Pelosi, Reid and other Democrats want Bush to appoint a special adviser to coordinate the federal response to the subprime mortgage crisis.
"The subprime crisis demands action, and we're working to protect families who have lost their home or are in danger of foreclosure," Pelosi said.
For two years, President Bush has sought legislation revamping the Federal Housing Administration but has not gotten anything, said Housing and Urban Development Secretary Alphonso Jackson. "To place even one family at risk is irresponsible, and Congress should stop playing politics with homeowners' financial security," Jackson said.
The Democrats are trying to pressure the White House and congressional Republicans into supporting their efforts to alleviate the mortgage mess.

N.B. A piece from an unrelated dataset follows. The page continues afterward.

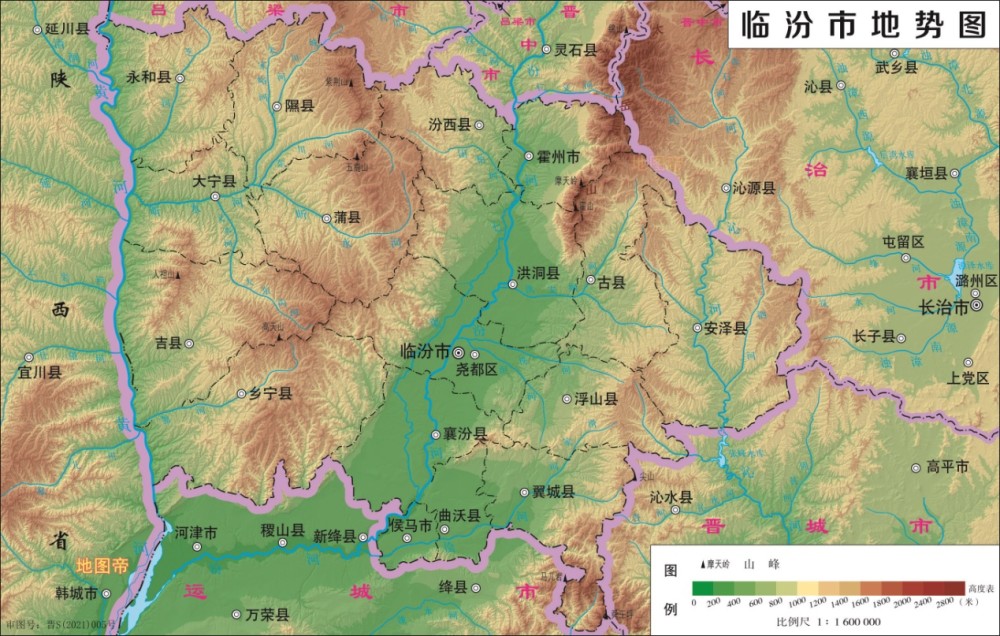 12张地形图快速了解山西省各市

Foreclosure filings in August more than doubled nationwide from the same period a year ago and jumped 36 percent from July, according to RealtyTrac Inc. The filings include default notices, auction sale notices and bank repossessions.
Many of the foreclosures are caused by subprime mortgages - home loans made to people with weak credit histories. Many of those adjustable rate loans start out with low interest rates, but then reset to higher rates a few years down the road, bringing monthly mortgages up to prices many homeowners cannot afford.

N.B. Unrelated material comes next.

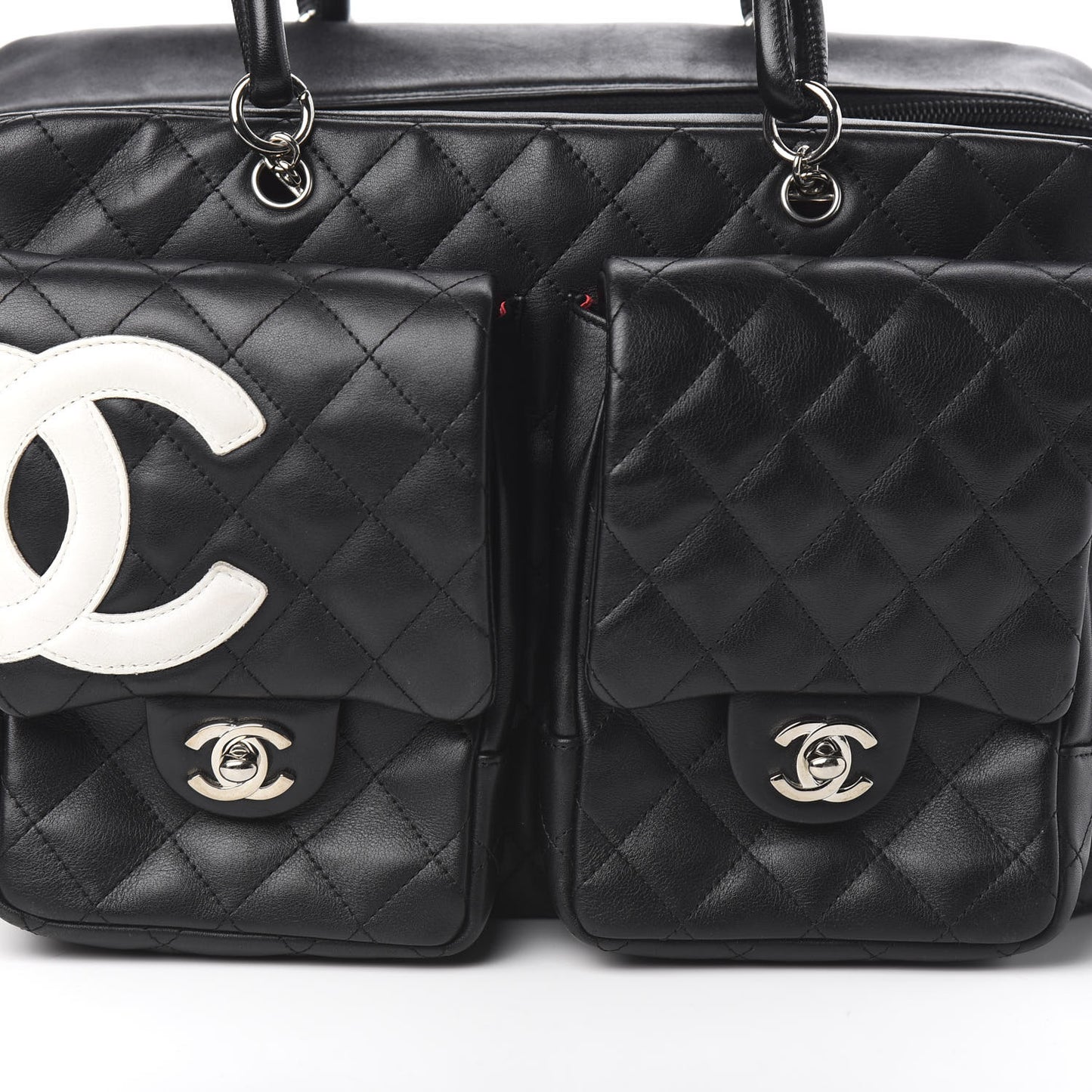 Calfskin Quilted Large Cambon Multipocket Reporter Black White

More than 2 million adjustable rate mortgages are scheduled to reset by the end of 2008.
Bush last month acknowledged "some unsettling times" in the country's housing and credit markets. He has proposed expanding eligibility requirements for refinancing loans guaranteed by the Federal Housing Administration under a new program to be called FHA Secure.
Democrats say that is not enough: "If the administration does not act, then Congress should," said Sen. Charles Schumer, D-N.Y.
They repeated their demands for the White House to support more government spending to help homeowners avoid foreclosure, to increase the portfolio caps for home-loan finance companies Fannie Mae and Freddie Mac, and to agree to their plans to modernize the Federal Housing Administration.
The government last month slightly increased the investment portfolio caps for Fannie Mae and Freddie Mac, but the action did not go as far as Democrats had hoped.
When asked what Congress was doing, Rep. Barney Frank, D-Mass. and head of the House Financial Services Committee, pointed out various bills that Democrats have been trying to move in the House and Senate this year.
The House in September passed legislation allowing the FHA to back refinanced loans for tens of thousands of borrowers who are delinquent on payments because their mortgages are resetting to sharply higher rates from low initial levels. The Senate has passed a bill that would provide $200 million to help build up the network of nonprofit groups that help borrowers facing problems with subprime mortgages.